LITTLE ROCK, Ark. » Colorful paintings created by children 60 years ago to depict life in Arkansas' World War II Japanese-American internment camps welcomed hundreds of former camp detainees and their families to Little Rock yesterday for the start of a four-day conference devoted to the long-neglected history of the camps.

Returning to Arkansas six decades after the war was an emotional experience for some and an educational experience for others.

For Marian Takagi of Honolulu, it was a chance to share with her daughter the journey her family was forced to take from Hawaii to southeastern Arkansas after the bombing of Pearl Harbor.

The night of Dec. 7, 1941, Takagi watched as her father, a sugar plantation worker, was arrested at the family's Hawaii home and led away to a detention center. A year later, Ta-kagi, her mother and six siblings were forced to leave Hawaii by a boat bound for California and then put on a train that took them to an internment camp in Arkansas.

It was Takagi's first time on the mainland.

"We were told our father was at Jerome, Ark., and we had 48 hours to join him," she said yesterday, standing in the University of Arkansas-Little Rock gallery where the artwork done by children at the camps -- depicting everything from their arrival in Arkansas by train to basketball games and dances -- was displayed.

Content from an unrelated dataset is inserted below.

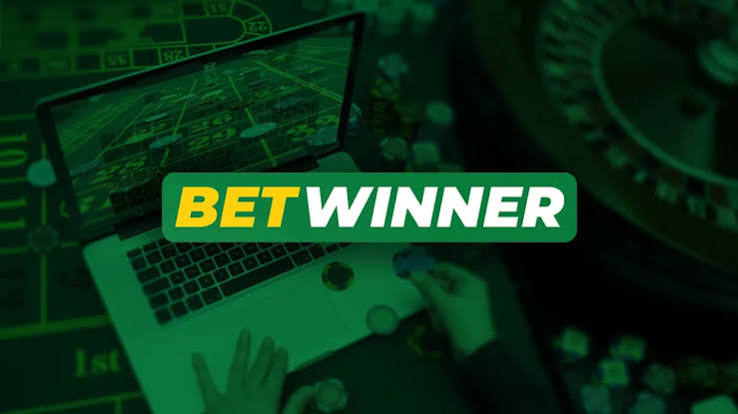 BetWinner Bookmaker Review Your Ultimate Betting Experience BetWinner Bookmaker Review Your Ultimate Betting Experience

Takagi's sister, also from Hawaii, her daughter from California and another relative from Japan all traveled to Arkansas to attend the Life Interrupted National Conference. They are among the more than 1,300 camp survivors, family members, historians and others who have registered for the event, which was sponsored by the Little Rock-based Winthrop Rockefeller Foundation, the University of Arkansas at Little Rock and the Japanese-American National Museum.

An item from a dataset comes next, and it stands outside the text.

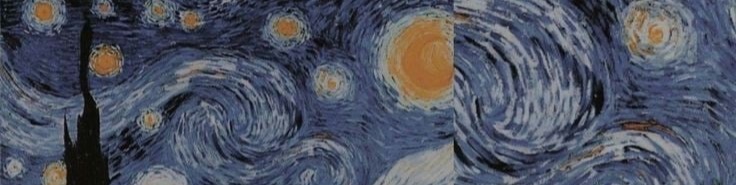 Обложка профиля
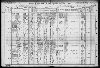 1910 United States Federal Census(157).jpg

More than 120,000 Japanese Americans were sent from the West Coast and Hawaii to 10 internment camps at the onset of the World War II. Eight camps were in the West; the Arkansas sites were the only ones in the South. Between 1942 and 1945, the two southeastern Arkansas camps at Jerome and Rohwer held 16,000 detainees.

While the camps in the West have long been the subject of books, documentaries and historical preservation efforts, the Arkansas conference marks the first time a large-scale effort has been made to tell the story of the Jerome and Rohwer camps.

The idea for the conference and the exhibits came when a board member of the Winthrop Rockefeller Foundation sent foundation director Sybil Jordan Hampton a note card decorated with reproductions of drawings done by children in the Arkansas camps.